Work order: With pictures left out, output exactly the lines of the listing below from the line that has "最新画像あります🌟証明写真の" to the line that has "Traité de botanique", both lines kept.

Supplied material:
[Start of Attachment]

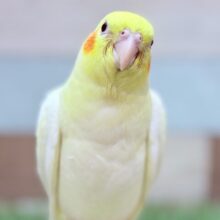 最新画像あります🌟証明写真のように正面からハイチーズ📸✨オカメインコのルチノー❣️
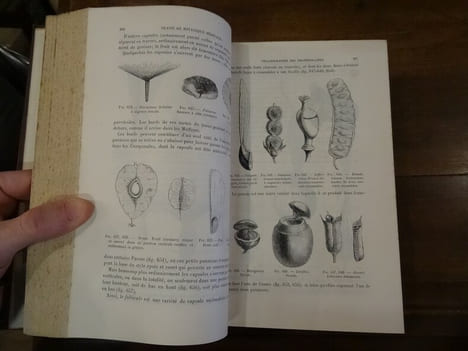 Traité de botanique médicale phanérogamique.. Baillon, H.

[End of Attachment]
[Start of Attachment]

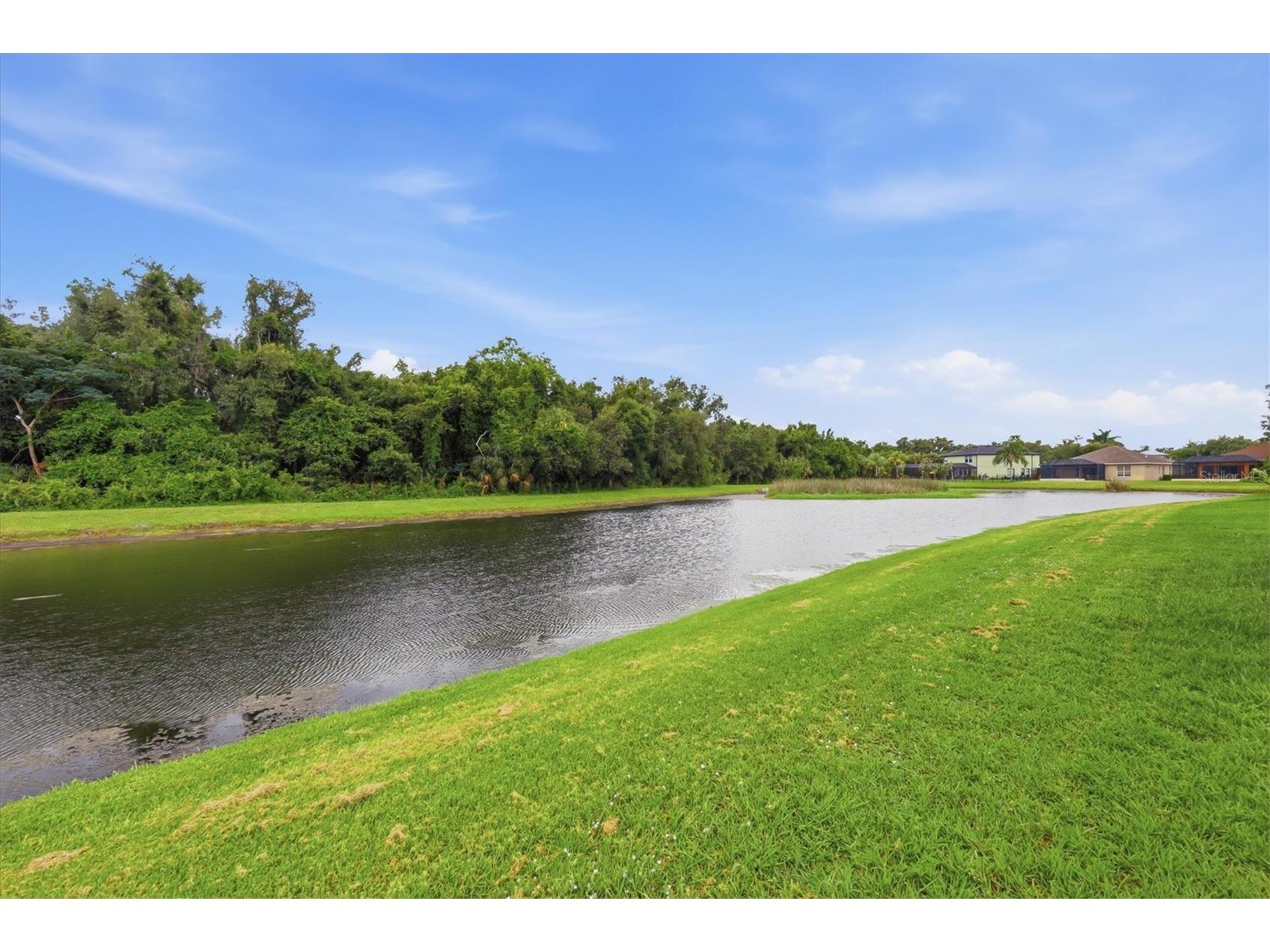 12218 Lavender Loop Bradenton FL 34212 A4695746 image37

[End of Attachment]
[Start of Attachment]

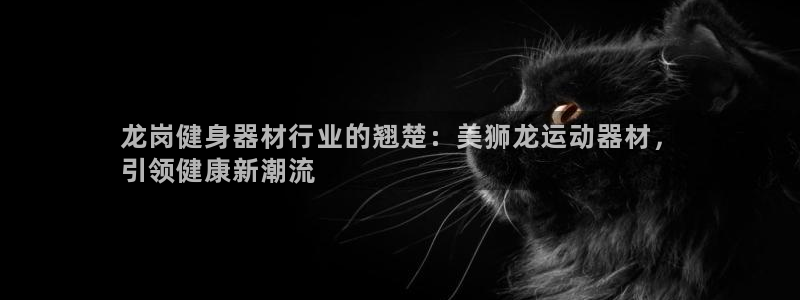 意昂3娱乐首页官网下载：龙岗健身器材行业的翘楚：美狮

[End of Attachment]

Output of the exercise:
 最新画像あります🌟証明写真のように正面からハイチーズ📸✨オカメインコのルチノー❣️
 Traité de botanique médicale phanérogamique.. Baillon, H.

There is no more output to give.